Instructions for the task
From the entries below, write out exactly the lines between the line holding "Photo of Young" and the line holding "A set of Automatic", inclusive, excluding any pictures.

Records provided
+ + + + + + +

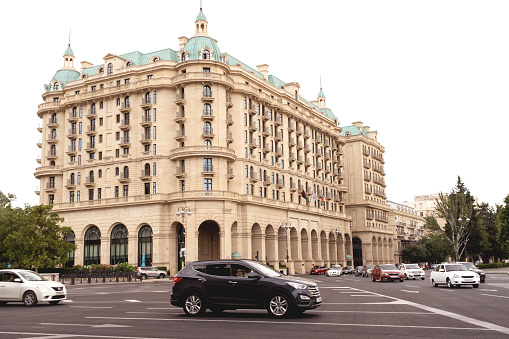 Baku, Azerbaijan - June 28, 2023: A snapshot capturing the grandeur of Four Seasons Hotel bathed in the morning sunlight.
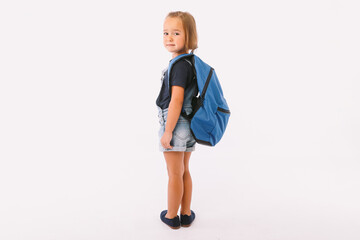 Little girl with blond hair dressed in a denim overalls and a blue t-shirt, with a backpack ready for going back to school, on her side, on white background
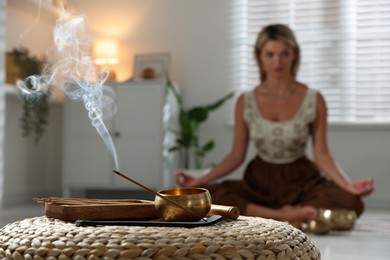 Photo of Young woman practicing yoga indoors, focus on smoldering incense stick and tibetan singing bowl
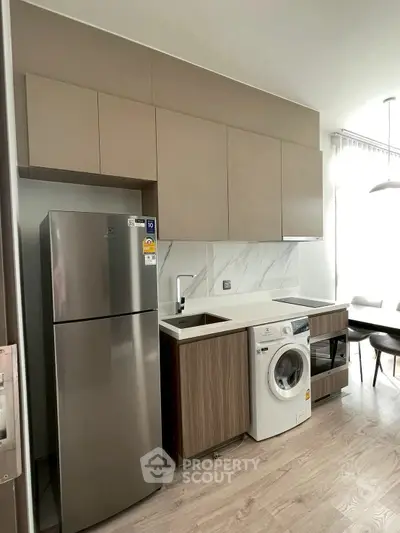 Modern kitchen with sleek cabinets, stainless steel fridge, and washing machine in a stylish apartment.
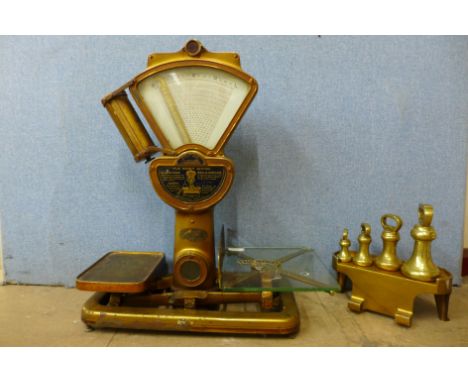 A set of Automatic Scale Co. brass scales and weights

+ + + + + + +

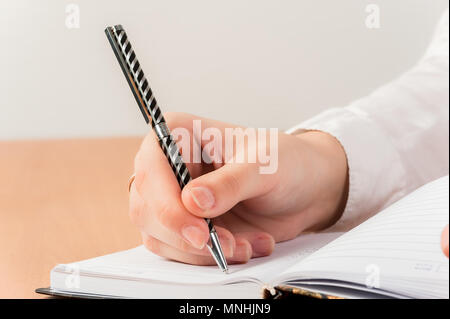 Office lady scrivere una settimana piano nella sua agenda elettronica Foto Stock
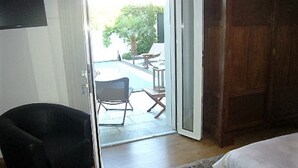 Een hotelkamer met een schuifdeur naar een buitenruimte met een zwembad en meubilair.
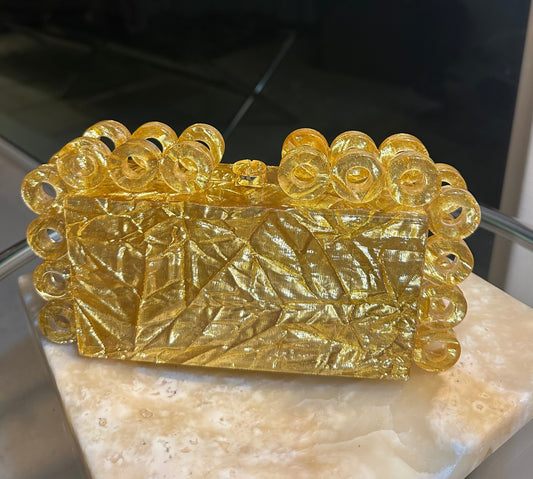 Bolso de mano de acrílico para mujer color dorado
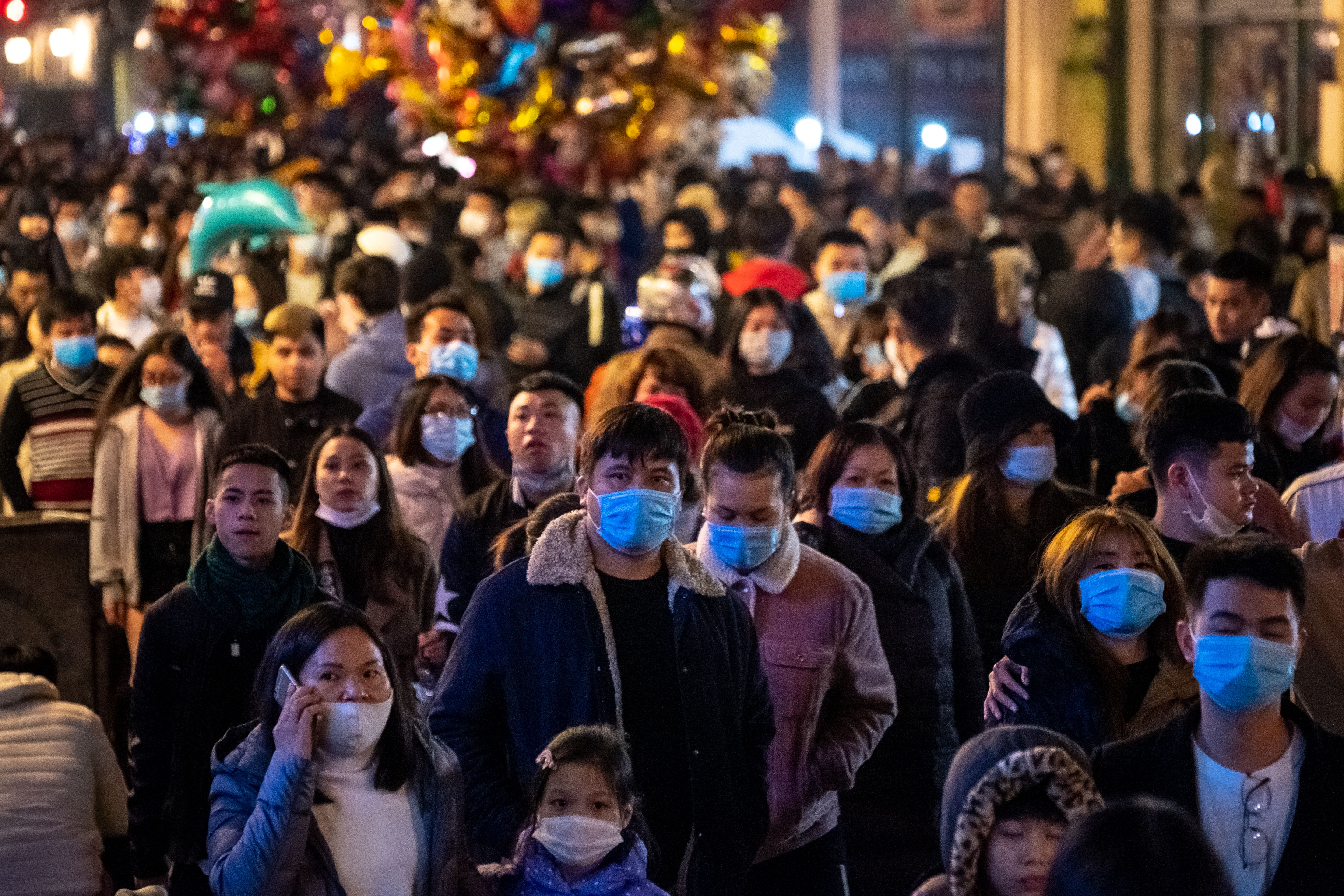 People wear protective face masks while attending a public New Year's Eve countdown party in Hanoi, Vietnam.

+ + + + + + +

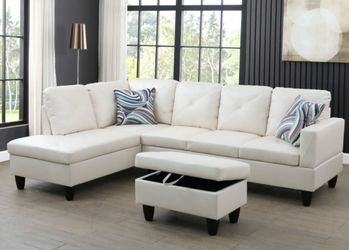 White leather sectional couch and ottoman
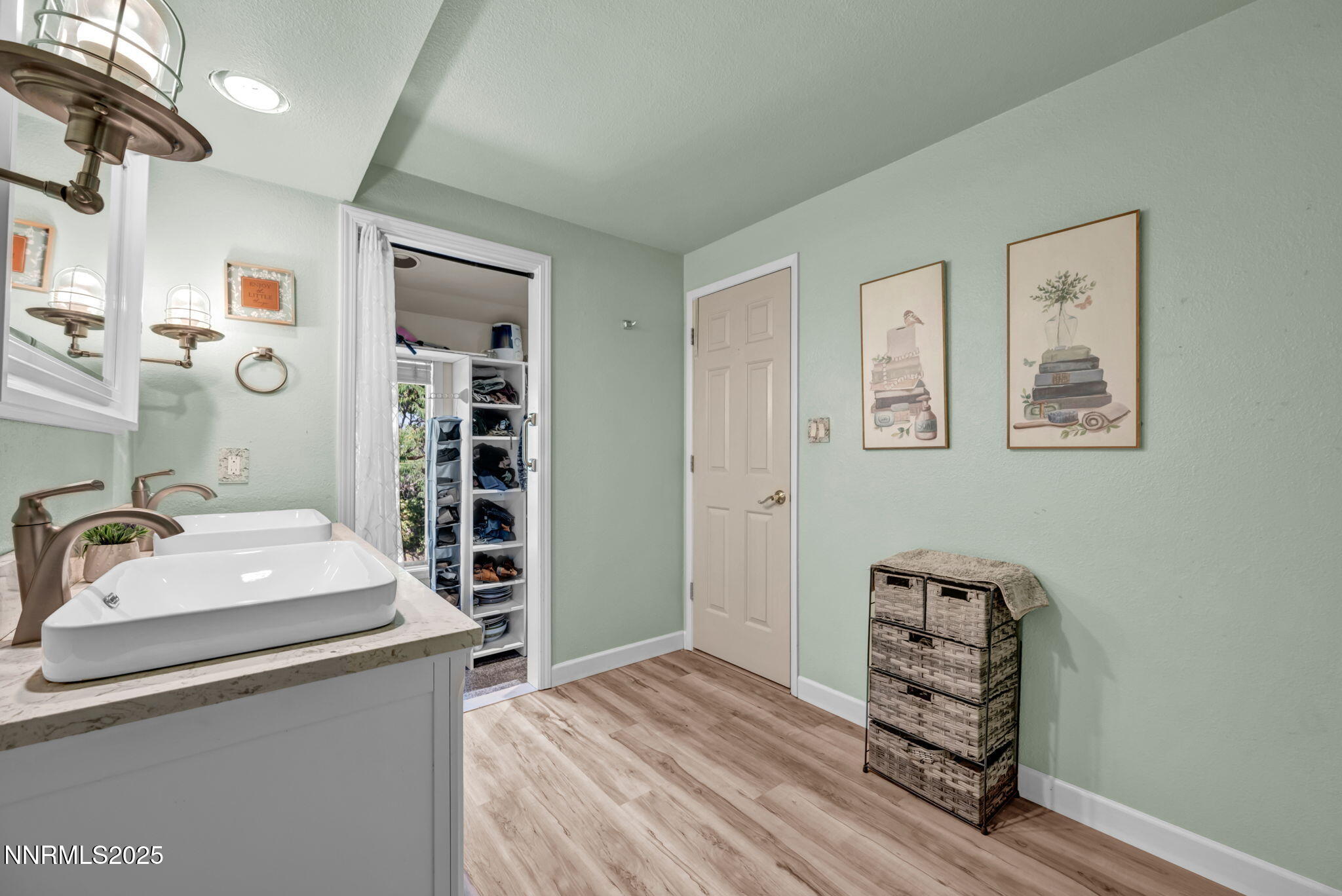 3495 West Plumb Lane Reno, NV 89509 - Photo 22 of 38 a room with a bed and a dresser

+ + + + + + +

Solution
 Photo of Young woman practicing yoga indoors, focus on smoldering incense stick and tibetan singing bowl
 Modern kitchen with sleek cabinets, stainless steel fridge, and washing machine in a stylish apartment.
 A set of Automatic Scale Co. brass scales and weights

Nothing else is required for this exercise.